X-Men #32 (Marvel): It’s almost as if David Lopez is getting better exponentially with each issue; check out the level of detail in those opening shots of Quebec City in the rain. You know what I really love in this issue? It’s the way that Storm and Colossus talk to each other, like reasonable adults who respect each other and have history together, but who just happen to be having a fundamental disagreement. They’re not shouting and punching and acting stupid, the hallmark of lesser superhero scuffles (I mean, really, part of the reason I can’t “buy” the whole AVX thing is that it just boils down to Scott Summer and Steve Rogers not being able to sit down and have a rational conversation, but I digress).
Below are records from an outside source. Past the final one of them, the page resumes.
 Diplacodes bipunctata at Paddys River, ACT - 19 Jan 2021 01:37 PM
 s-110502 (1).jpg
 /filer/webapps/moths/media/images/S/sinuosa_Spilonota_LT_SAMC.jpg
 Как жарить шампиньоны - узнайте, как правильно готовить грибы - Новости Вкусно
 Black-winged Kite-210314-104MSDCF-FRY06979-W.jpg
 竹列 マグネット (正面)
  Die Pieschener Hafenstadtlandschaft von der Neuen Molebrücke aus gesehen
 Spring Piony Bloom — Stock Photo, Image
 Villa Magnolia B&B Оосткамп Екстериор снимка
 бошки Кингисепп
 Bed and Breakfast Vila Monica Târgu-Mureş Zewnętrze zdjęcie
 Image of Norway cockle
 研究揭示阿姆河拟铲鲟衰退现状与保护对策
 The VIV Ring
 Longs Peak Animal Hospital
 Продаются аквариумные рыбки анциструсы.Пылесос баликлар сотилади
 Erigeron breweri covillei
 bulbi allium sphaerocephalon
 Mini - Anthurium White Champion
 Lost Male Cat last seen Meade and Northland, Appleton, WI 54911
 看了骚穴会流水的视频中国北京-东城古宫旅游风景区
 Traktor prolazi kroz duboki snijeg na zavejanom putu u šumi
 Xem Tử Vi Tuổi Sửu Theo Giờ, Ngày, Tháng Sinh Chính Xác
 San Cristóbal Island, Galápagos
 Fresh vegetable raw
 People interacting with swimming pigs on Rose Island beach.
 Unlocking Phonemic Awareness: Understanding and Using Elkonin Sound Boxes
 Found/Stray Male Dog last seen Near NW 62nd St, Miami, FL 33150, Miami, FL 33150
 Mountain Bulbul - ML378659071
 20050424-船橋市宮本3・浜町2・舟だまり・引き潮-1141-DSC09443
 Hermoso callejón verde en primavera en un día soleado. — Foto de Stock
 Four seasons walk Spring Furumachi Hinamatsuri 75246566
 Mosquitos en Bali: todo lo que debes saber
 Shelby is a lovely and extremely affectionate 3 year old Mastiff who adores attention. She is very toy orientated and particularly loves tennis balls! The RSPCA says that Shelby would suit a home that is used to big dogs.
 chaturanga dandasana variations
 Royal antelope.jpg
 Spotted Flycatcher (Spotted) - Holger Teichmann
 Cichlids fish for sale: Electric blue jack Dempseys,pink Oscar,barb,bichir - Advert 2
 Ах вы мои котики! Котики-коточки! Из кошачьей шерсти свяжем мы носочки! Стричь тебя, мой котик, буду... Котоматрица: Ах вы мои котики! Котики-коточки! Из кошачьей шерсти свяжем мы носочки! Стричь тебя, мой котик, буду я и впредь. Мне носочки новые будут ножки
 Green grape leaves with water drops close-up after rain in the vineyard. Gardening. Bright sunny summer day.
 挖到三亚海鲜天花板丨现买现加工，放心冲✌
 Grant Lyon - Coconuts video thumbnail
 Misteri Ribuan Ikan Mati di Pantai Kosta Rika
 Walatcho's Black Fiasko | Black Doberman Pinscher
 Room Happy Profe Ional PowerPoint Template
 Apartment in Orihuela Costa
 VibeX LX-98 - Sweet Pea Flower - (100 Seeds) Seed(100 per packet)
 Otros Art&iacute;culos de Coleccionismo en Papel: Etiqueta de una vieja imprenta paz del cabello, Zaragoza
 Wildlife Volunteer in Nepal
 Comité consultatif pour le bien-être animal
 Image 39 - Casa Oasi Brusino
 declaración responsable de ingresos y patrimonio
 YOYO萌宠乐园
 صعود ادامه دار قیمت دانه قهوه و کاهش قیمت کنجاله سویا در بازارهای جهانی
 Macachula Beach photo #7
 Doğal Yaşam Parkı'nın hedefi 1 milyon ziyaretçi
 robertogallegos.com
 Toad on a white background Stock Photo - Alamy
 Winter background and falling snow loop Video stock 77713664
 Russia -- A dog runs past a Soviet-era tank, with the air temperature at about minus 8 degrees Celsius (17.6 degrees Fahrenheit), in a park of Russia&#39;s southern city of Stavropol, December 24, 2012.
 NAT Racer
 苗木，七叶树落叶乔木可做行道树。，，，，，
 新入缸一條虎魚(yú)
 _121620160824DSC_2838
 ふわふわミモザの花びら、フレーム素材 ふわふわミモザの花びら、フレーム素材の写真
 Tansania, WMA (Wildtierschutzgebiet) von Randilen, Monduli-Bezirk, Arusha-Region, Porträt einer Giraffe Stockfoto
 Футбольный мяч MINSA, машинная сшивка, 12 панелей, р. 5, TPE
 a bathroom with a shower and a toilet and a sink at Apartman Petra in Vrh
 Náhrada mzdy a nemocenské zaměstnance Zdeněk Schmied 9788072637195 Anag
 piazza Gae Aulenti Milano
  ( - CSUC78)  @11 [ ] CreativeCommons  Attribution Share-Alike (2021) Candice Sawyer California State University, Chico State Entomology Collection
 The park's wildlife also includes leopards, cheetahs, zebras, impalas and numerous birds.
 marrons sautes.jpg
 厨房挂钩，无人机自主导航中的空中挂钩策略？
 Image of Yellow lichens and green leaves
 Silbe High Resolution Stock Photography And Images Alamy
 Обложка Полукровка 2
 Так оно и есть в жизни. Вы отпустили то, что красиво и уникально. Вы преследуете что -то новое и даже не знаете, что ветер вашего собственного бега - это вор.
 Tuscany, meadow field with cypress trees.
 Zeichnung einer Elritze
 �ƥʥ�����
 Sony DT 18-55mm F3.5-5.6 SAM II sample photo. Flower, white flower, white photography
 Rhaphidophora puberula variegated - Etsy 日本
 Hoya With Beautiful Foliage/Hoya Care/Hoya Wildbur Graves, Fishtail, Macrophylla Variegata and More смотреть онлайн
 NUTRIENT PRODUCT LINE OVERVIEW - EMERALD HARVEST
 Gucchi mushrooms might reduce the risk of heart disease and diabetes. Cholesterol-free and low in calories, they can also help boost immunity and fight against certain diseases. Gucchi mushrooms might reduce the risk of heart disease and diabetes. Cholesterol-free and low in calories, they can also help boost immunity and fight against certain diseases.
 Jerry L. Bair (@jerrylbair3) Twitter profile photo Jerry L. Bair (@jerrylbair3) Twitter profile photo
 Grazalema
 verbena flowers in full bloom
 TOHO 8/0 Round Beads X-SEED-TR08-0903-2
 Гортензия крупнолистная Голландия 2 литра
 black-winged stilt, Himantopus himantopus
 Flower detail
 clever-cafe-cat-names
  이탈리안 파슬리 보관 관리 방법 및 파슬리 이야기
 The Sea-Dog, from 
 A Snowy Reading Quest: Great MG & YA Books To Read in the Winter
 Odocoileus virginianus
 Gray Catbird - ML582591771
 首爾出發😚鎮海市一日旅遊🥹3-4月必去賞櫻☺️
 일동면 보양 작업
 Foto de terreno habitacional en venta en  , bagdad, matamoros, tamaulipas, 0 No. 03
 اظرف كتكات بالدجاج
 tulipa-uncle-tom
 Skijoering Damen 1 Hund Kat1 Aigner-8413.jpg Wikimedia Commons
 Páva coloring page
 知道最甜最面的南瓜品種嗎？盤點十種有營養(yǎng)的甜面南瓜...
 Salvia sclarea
Another great part of the scripting is the philosophical debate surrounding what authority governs this team’s actions and the true power of raw information. Storm succinctly characterizes the team as “Mutant First Responders,” which is a super clean sound byte that could probably supplant my tired comparisons to Authority or Planetary. Maybe I just miss Wildstorm. It’s a little thing, but I also dug the intro of Magik, the use of the Russian language, mentions of the Crimean, etc. It just goes to show the research, or at least the whiff of authenticity, that Wood saturates his scripts in. There’s a huge jump in intensity, stakes, and tension here, as Wood and Lopez turn the dial up to 11. Grade A.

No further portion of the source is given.